From http://www.ifccenter.com/films/born-in-flames/
Experimental maverick Barbara Hammer chooses Lizzie Borden’s incendiary early-indie, a futuristic feminist drama, that is as much a document of early ’80s New York as a cry for Patty Hearst-style revolution. It is ten years after the “Second American Revolution,” and the leader of the Women’s Army mysteriously dies… setting off women across the nation to take down The System. The film that heralded the arrival of Queer Cinema is also a who’s who of the New York radical/performance scene, with a cast that includes the late Ron Vawter, and a very young Kathryn Bigelow!
Barbara Hammer on BORN IN FLAMES (NR, 80 Minutes, USA, 1983):
“In 1983 when I saw Lizzie Borden’s BORN IN FLAMES, I was seeing a revolutionary movie with mostly female characters living in a self-constructed world surrounded by a hostile environment.

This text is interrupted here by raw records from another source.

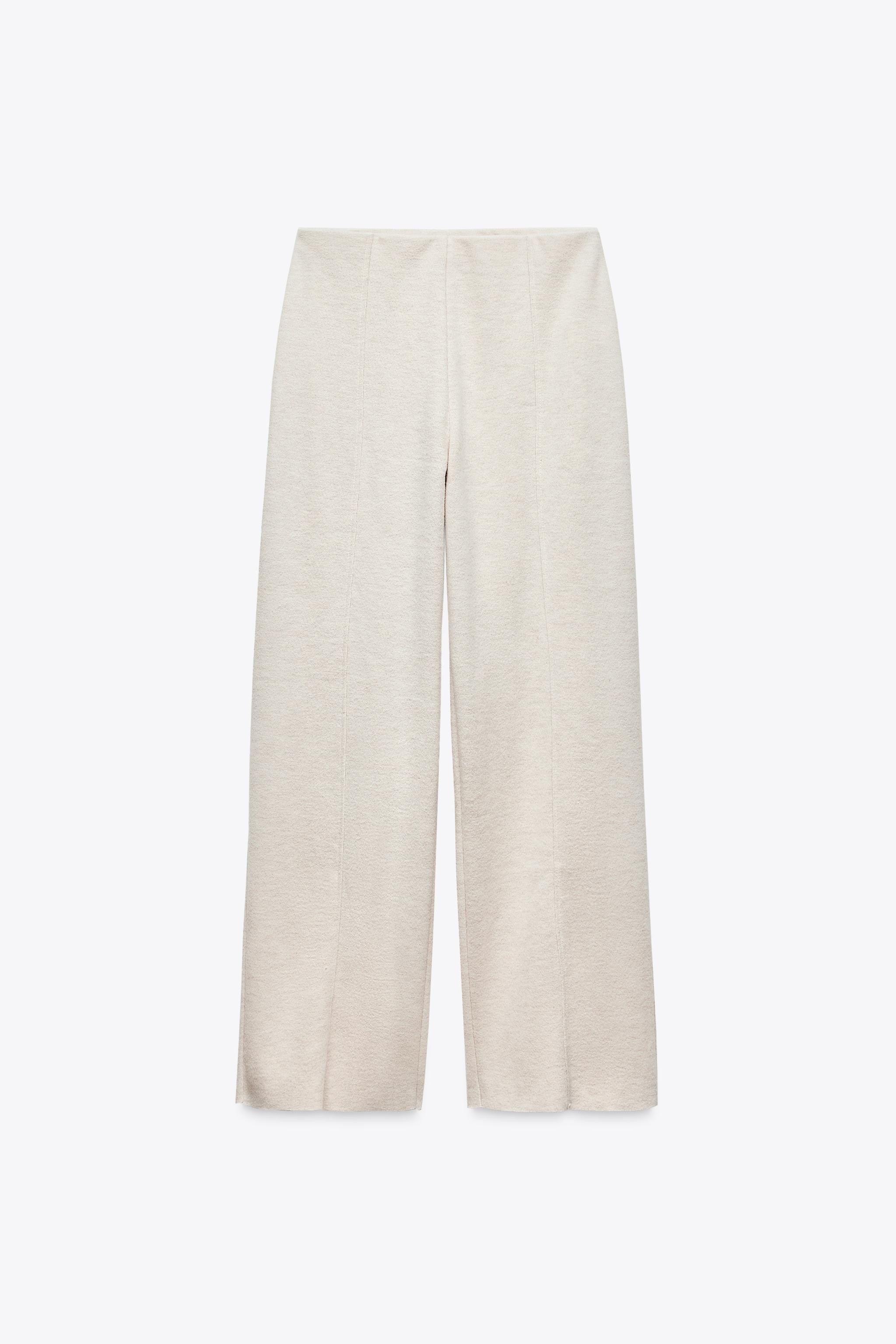 Straight leg pants with a high elastic waist. Unfinished hem. | Zara US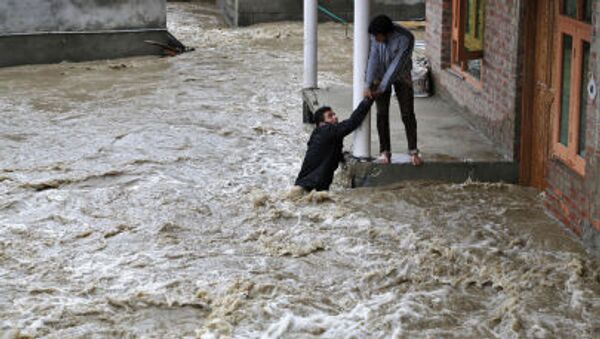 A Kashmiri man stretches his hand to help a local evacuate from a flood affected area in Srinagar, Indian-controlled Kashmir - Sputnik International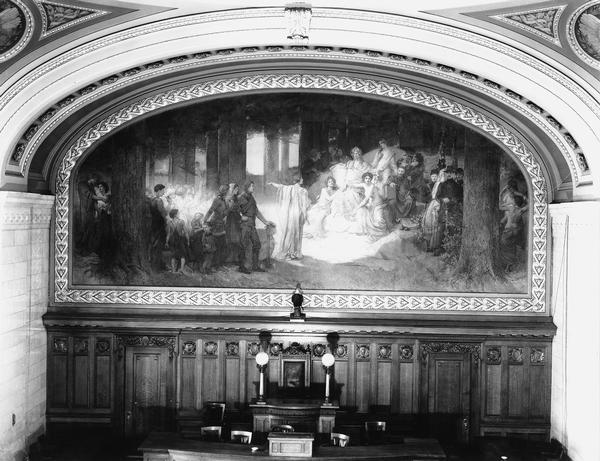 Interior of the Assembly Chamber in the Wisconsin State Capitol showing the mural painted by Edwin H. Blashfild. The painting depicts the "State of Wisconsin; its Past, Present, and Future." "Wisconsin" is seated in the center, surrounded by three female figures representing Lake Superior, Lake Michigan, and the Mississippi River, and various historic figures from her past. The standing figure in the center represents "Today," pointing to the accomplishments of Wisconsinites in the distance. Behind her stand miners, farmers, and lumbermen with their families. At the far left, "Future" shelters her "Lamp of Progress" and listens to the spirit of conservation. 
The mounted eagle behind the Speaker's chair is a bald eagle, the same type as "Old Abe," a famous Wisconsin Civil War mascot. 
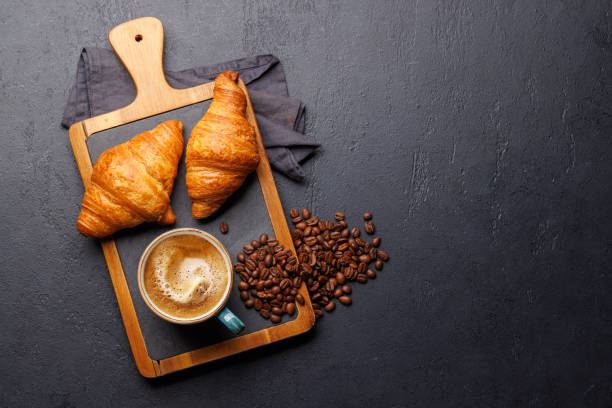 istock Cappuccino coffee and fresh croissants 2148305034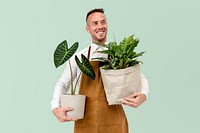 Plant shop owner mockup psd holding houseplants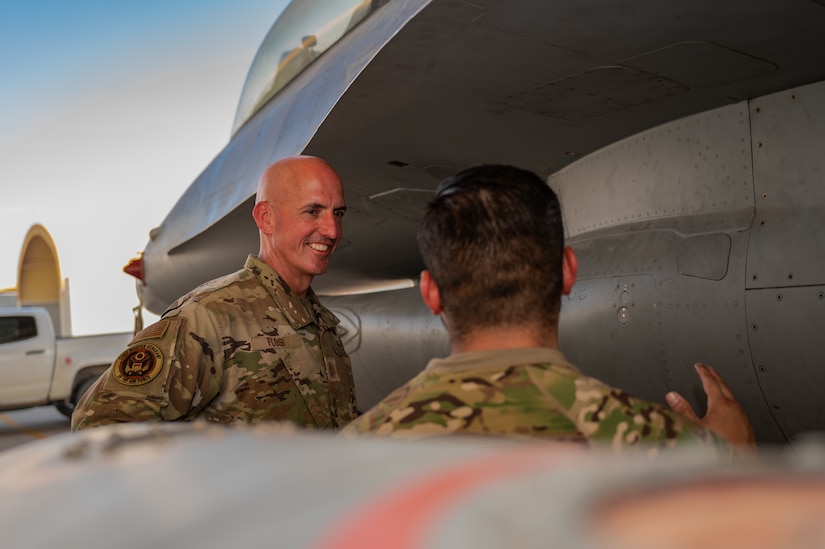 Two airmen talk on a flight line by parked aircraft.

Posing as a sci-fi narrative Born In Flames released the pent up frustrations from the seventies that saw not enough change. Women were still second class citizens and glass ceilings were not rising but lowering. Two radical women’s groups do not see eye to eye. One group is led by a white lesbian leader who is loud and contentious. The other group’s leader is soft spoken and African-American. They both operate separate and competing radio stations.
“There are some incredible scenes like a group of women on bicycles coming to the rescue of another; wheat pasting propaganda sheets throughout the streets of lower Manhattan; putting a condom on a penis.
“I am afraid to see the culminating shots of this outrageous film that hit the streets running. It involves our former World Trade Center.
“I won’t say more here except this film deserves to be seen. It is not only a historic early women directed narrative (with, by the way, Kathryn Bigelow (the Hurt Locker) playing an intern; but a film that rocked the women’s film festivals worldwide.
“We were all about ready to join the Women’s Army after seeing BORN IN FLAMES.”
Barbara Hammer was born on May 15, 1939 in Hollywood, California. She is a visual artist working primarily in film and video and has made over 80 works in a career that spans 40 years. She is considered a pioneer of queer cinema. She has received numerous awards, most recently the Teddy for the best LGBT film at the 2009 International Berlin Film Festival. Her first book on queer cinema, HAMMER! Making Movies Out of Sex and Life , will launch at The Elizabeth Sackler Center at The Brooklyn Museum of Art on March 6, 2010 and is published by The Feminist Press of City University of New York. On September 15th, 2010 Hammer will have her first US retrospective at the Museum of Modern Art in New York City followed by The Tate Modern in London in January 2011.